• What is being asked
Skip the pictures and write out, word for word, the lines below from the one with "Mother and Baby Near Christmas Three 8827478" through the one with "Kate Spade Sam", inclusive.

• Records excerpted from a collection
===============

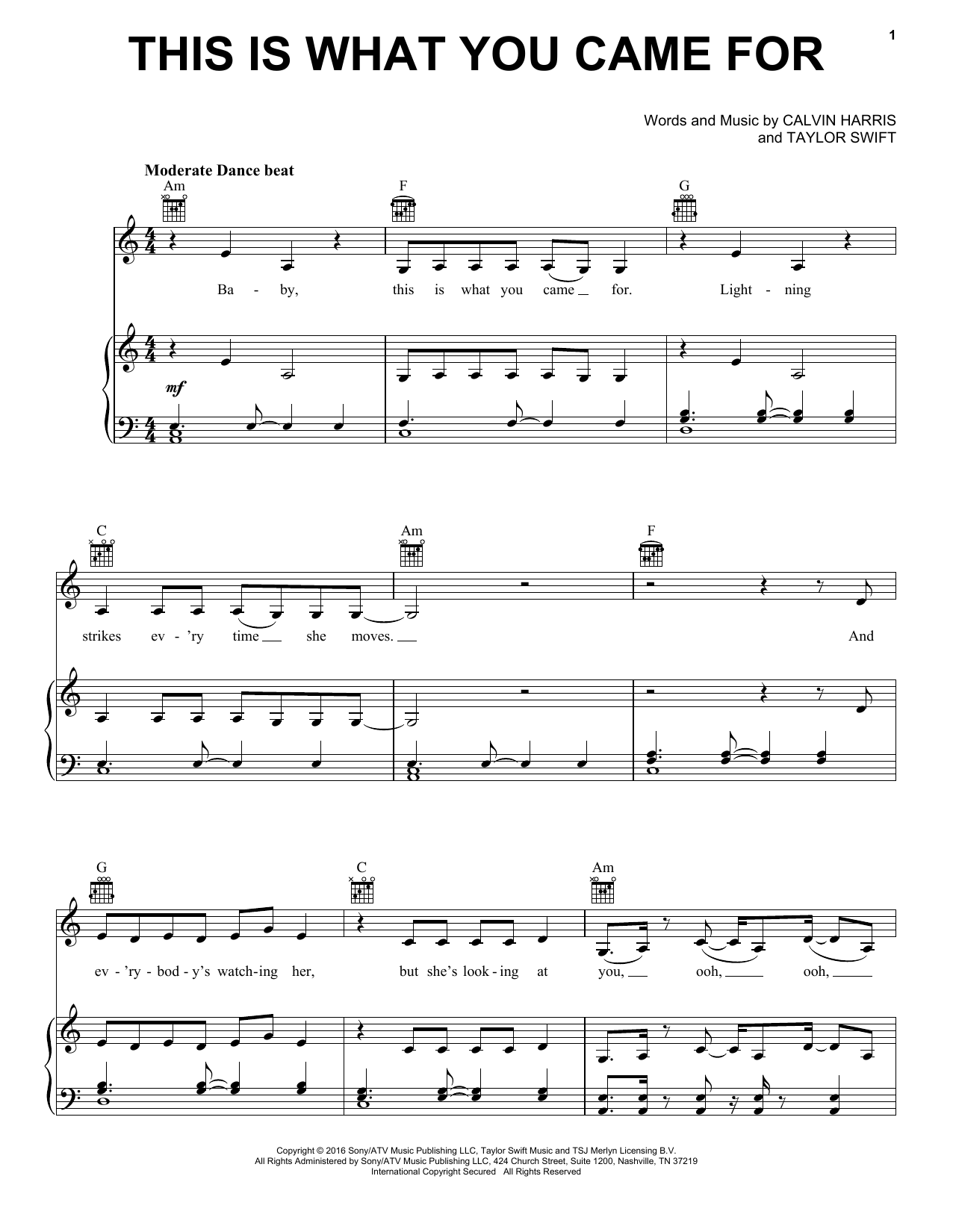 Calvin Harris This Is What You Came For (feat. Rihanna) sheet music notes and chords arranged for Easy Piano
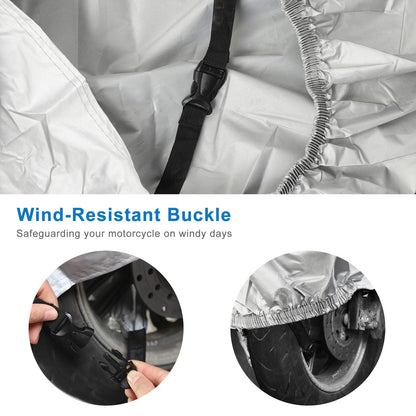 Motorcycle Cover Waterproof Outdoor, Motorbike Cover XL with Storage Bag Indoor Outdoor Snow Dust Sun UV Protection - 96x41x49inch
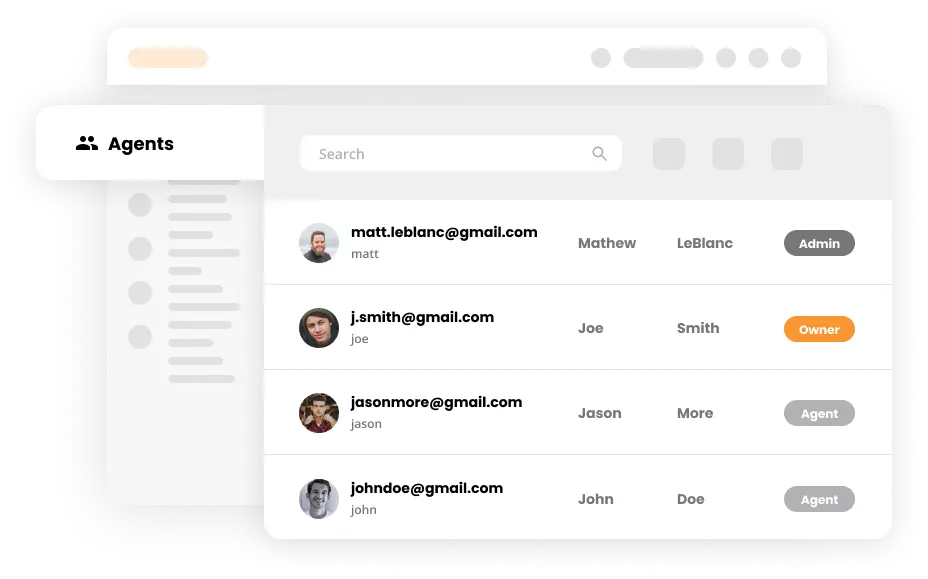 Mockup de agentes LiveAgent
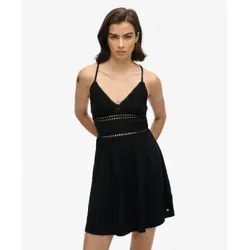 Superdry für Damen. W8011735A Schwarzes Kleid aus Strick und Spitze (L), Lässig, Baumwolle, Ärmellos / Hosenträger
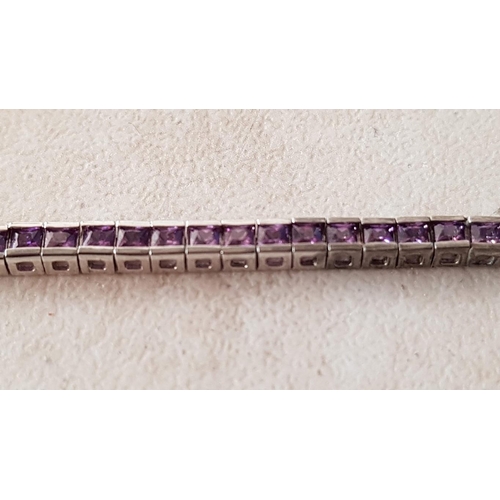 85 - .925 Sterling Silver Amethyst Stones Bracelet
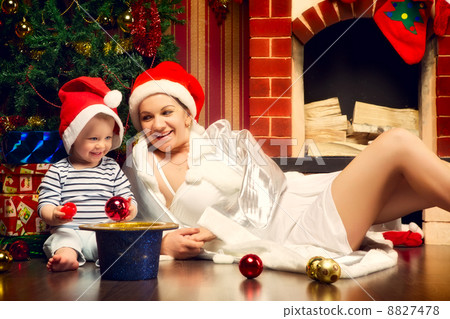 Mother and Baby Near Christmas Three 8827478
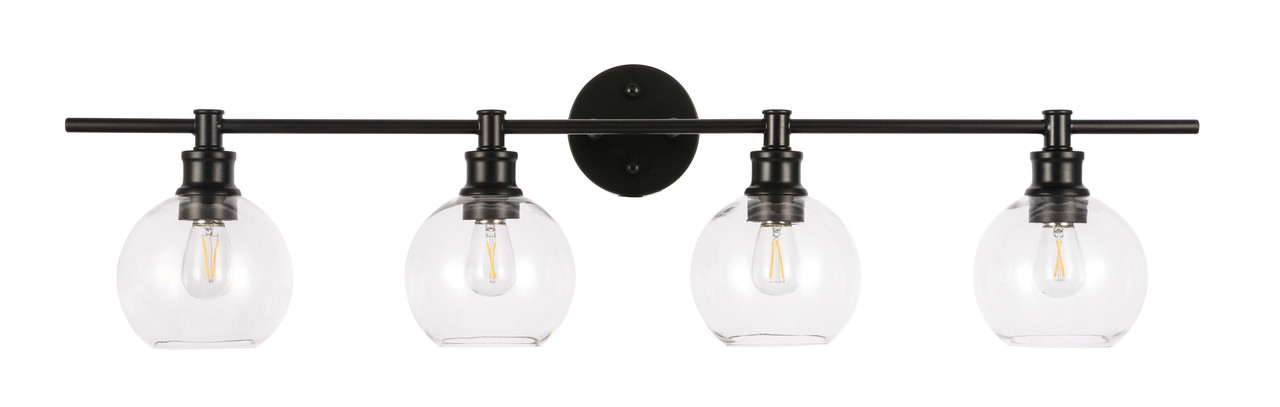 Living District LD2322BK Collier 4 light Black and Clear glass Wall sconce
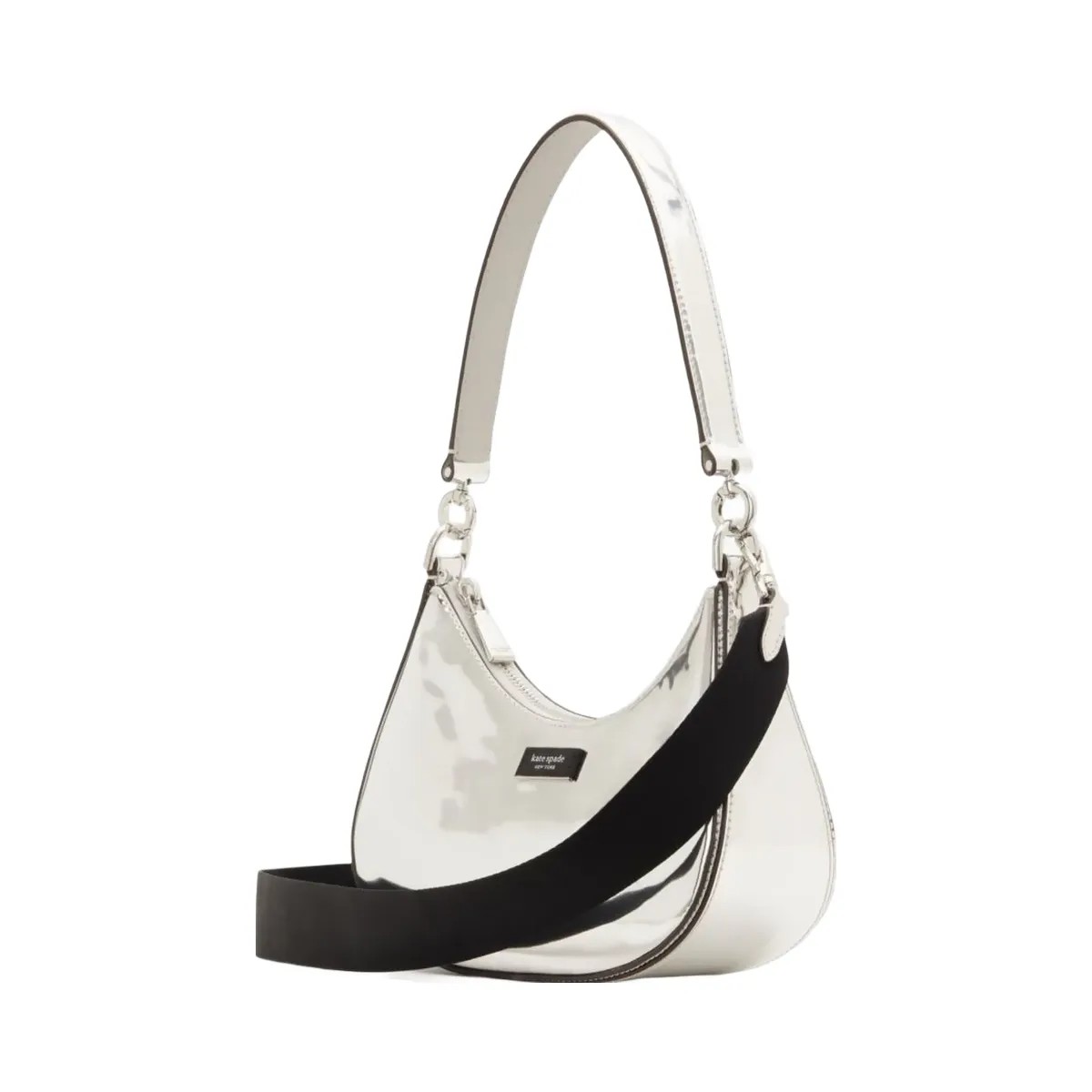 Kate Spade Sam Icon Metallic Small Convertible Crossbody Silver - HypeFly India View 4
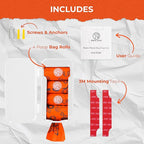 Dog Poop Bag Dispenser - Outdoor or Indoor Pet Waste Bag Dispenser Station - Stick-On or Screw-On Wall Mount - Poop Bags Storage Outdoor Container - Includes 4 Doggie Bag Rolls (White)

===============

• Answer section
 Mother and Baby Near Christmas Three 8827478
 Living District LD2322BK Collier 4 light Black and Clear glass Wall sconce
 Kate Spade Sam Icon Metallic Small Convertible Crossbody Silver - HypeFly India View 4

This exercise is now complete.